2 de julho de 2001
O cidadão perplexo

Estava começando a escrever sobre o fundo de pensão bilionário dos funcionários do Banco Central quando leio que Jack Lemmon morreu... Na minha mitologia pessoal do cinema, Jack Lemmon é a versão americana da mesma idéia que Marcello Mastroianni encarnava na Europa. Mal comparando, é como dizer Vênus ou Afrodite, Júpiter ou Zeus. Os dois irradiam o amor e a perplexidade que dão o título geral destas crônicas. Leio que Ettore Scola teve a sensibilidade de juntá-los em um filme, Macaroni, que não vi. Vou procurar em vídeo.

Grande Jack Lemmon... A gente vê brilhar nos olhos dele uma paixão obstinada em seguir em frente a despeito de todo ceticismo melancólico e quase resignado que também fulgura lá no fundo. Ele vai, ainda assim, contra todos os presságios - como o azarão que nem por isso deixa de correr o páreo. "Eppur se muove", "Mas que se move, se move...", como diz-se ter sussurrado Galileu para seus botões depois de condenado por dizer que era Terra que girava e não o sol...

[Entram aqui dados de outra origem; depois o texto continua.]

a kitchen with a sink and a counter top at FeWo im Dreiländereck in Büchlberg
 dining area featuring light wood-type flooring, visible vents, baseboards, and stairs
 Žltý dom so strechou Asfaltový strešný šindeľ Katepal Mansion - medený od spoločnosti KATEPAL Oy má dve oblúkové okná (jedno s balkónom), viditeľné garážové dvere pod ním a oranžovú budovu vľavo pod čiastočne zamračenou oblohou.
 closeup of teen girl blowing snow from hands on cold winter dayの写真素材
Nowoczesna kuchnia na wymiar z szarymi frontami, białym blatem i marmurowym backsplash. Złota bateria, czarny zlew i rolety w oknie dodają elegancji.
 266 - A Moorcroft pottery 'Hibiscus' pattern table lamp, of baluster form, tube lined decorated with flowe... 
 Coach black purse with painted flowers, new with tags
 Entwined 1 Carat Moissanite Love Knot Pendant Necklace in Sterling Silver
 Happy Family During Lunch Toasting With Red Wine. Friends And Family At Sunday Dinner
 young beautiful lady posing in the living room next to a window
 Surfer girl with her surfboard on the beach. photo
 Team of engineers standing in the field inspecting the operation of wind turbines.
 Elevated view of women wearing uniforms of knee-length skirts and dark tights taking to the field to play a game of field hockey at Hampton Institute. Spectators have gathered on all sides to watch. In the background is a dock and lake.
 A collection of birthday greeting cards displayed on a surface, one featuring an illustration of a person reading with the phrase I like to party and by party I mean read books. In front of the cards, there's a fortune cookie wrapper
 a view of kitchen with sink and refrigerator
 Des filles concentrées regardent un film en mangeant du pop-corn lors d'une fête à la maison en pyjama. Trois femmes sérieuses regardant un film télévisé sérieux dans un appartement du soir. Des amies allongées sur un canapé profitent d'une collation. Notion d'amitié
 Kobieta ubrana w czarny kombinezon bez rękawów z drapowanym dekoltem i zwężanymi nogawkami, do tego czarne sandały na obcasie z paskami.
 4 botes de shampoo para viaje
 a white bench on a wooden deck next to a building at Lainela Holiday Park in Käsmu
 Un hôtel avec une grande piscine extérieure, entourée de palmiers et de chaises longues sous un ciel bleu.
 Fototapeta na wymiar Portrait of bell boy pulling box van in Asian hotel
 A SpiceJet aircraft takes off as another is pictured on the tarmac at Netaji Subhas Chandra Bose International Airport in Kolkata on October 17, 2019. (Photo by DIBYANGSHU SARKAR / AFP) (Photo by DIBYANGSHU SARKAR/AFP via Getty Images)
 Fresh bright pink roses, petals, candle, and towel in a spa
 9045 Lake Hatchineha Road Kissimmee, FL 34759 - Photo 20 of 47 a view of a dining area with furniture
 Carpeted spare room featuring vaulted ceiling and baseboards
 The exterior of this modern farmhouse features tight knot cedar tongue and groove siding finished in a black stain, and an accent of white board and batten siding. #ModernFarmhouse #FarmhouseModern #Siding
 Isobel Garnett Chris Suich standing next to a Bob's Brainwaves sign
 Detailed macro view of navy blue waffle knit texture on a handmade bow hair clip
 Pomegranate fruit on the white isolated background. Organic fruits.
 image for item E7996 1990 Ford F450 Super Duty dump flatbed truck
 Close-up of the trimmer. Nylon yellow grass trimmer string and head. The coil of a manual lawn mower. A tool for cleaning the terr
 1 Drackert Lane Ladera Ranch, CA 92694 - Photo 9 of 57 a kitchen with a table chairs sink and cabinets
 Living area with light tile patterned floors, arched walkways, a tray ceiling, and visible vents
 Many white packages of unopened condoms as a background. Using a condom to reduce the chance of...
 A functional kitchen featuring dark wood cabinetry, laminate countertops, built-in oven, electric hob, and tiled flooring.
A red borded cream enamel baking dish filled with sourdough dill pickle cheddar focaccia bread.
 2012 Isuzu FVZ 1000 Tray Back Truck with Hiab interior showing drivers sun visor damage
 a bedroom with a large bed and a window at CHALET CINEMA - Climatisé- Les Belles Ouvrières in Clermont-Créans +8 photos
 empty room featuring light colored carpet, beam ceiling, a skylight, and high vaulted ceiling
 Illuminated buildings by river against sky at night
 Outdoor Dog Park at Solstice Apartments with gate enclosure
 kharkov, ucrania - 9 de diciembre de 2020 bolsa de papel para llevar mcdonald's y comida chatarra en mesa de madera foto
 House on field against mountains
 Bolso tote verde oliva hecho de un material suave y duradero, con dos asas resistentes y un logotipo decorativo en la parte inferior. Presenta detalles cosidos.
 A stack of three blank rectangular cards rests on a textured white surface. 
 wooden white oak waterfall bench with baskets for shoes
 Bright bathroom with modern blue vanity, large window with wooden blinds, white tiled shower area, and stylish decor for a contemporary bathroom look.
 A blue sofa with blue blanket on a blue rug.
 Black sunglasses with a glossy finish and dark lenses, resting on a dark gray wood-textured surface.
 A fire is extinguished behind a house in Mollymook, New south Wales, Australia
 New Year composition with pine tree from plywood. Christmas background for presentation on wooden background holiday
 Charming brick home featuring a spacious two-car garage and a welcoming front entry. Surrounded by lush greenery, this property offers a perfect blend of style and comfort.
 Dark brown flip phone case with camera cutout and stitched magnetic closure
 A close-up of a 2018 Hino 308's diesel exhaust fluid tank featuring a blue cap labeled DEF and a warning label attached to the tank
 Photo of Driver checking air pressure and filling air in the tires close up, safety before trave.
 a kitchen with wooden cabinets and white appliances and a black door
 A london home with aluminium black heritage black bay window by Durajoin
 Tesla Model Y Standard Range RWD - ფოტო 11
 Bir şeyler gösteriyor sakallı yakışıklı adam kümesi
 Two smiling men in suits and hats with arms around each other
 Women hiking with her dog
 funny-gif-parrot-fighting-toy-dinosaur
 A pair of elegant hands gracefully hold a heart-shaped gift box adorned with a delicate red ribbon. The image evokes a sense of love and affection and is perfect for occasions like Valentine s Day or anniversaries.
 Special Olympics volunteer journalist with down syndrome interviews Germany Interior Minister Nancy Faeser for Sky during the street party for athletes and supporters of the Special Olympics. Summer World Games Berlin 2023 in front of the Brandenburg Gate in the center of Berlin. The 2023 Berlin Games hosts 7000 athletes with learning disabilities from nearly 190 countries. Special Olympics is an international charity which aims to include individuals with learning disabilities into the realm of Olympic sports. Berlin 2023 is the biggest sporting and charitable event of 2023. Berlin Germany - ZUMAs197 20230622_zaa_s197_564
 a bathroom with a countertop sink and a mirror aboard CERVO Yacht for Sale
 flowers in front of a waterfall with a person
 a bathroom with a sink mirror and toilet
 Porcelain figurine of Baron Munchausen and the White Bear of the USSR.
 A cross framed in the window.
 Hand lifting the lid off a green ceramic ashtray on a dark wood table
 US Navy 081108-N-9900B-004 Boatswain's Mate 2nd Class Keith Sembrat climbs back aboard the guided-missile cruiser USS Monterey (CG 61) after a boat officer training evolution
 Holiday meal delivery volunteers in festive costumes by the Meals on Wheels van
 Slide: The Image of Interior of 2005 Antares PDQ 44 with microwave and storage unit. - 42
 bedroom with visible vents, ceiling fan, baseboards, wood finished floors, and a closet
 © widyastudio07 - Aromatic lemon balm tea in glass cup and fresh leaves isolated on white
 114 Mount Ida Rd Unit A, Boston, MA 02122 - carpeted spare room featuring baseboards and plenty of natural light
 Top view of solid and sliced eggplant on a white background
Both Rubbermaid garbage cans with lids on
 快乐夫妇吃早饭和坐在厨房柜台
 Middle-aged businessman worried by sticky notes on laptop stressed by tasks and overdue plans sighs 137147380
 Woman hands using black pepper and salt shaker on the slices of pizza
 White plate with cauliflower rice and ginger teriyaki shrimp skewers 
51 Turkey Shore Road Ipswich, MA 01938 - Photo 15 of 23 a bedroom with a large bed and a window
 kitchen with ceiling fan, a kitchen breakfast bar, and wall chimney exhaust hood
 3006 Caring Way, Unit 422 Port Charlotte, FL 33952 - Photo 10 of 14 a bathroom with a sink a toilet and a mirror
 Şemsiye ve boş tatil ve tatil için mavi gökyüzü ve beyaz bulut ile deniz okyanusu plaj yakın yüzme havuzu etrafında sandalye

Jack - e Marcello, eu, você, e todos nós que enxergamos alguma identidade nesse olhar - encarna o homem comum paralisado por uma suposta consciência difusa dos fatos que quase o convence da inutilidade de todo gesto, mas que segue obstinadamente apostando no azarão, insistindo no mesmo jogo, na esperança da grande tacada libertadora.

Meu Jack Lemmon preferido é o de Se meu Apartamento Falasse, The Apartament, de Billy Wilder. Não sei se já disse aqui, mas não canso de repetir: se é pra escolher, Billy Wilder é o meu maior diretor de cinema de todos os tempos. Nenhum diretor transitou tanto pelos gêneros como ele - e em cada um produziu senão um clássico, ao menos um cult. Na lista dos dez mais, Wilder implaca pelo menos um, Crepúsculo dos Deuses, Sunset Boulevard. Mas duas de suas comédias nova-iorquinas, O Pecado Mora ao Lado, Seven Years Itch, e Se Meu Apartamento Falasse também poderiam constar...

Em The Apartament, Jack faz par com Shirley MacLaine linda, encantadora, surpreendente. O resultado é magistral. A história do amor acidental do auxiliar de escritório "banana" pela assessorista sonhadora é um conto de fadas para adultos. Como nas boas histórias do ramo, é exemplar o modo como o amor desperta os dois para vida e os redime e os enche da coragem que pensavam não ter.

Pensando bem, até dá pra juntar os dois assuntos, o homem comum apalermado pela opressão de uma sociedade que supostamente deveria prover-lhe a felicidade e o fundo de pensão do Banco Central que eu vejo justamente como uma das expressões desse monstro.

Ora, pergunta o cidadão perplexo, por que os funcionários do Banco Central têm um fundo de pensão de quase quatro bilhões de reais se eles, além de poucos, são tão funcionários públicos quanto qualquer barnabé? Banco do Brasil, Caixa, Furnas são empresas. Estatais, mas empresas. O Banco Central, até onde eu sei, é só uma repartição pública, um orgão burocrático do Ministério da Economia.

Mais: por que os fucionários do Banco Central têm um fundo de pensão bilionário e, por exemplo, a polícia não tem, se polícia, médico e professor - ou justiça, saúde e educação - é tudo que o cidadão espera do Estado e portanto consentiria de bom grado em dar a esses servidores remuneração e garantia adequadas?

E ainda mais, quando é óbvio que fundo de pensão, aumento de salário e a contrapartida de uma corregedoria eficaz seriam instrumentos suficientes para produzir a tão falada reforma da polícia? Dar um salário razoável e a certeza de aposentadoria decente ou pensão digna para viúva e filhos em caso de morte ou invalidez é valorizar o policial correto. E promover a justiça.

Fala-se em segurança, segurança, segurança - quando segurança é só o efeito, algo que se quer alcançar. O problema é: justiça. Quando a justiça for eficaz haverá segurança. É justo esse fundo de pensão, eu pergunto - e só eu, pelo visto. Pois nos jornais o fundo é fat consumado. Enfim é a tal "suposta consciência difusa" que nos leva a crer que "não há nada a fazer": os fatos nos são mostrados, mas a verdade não é dita.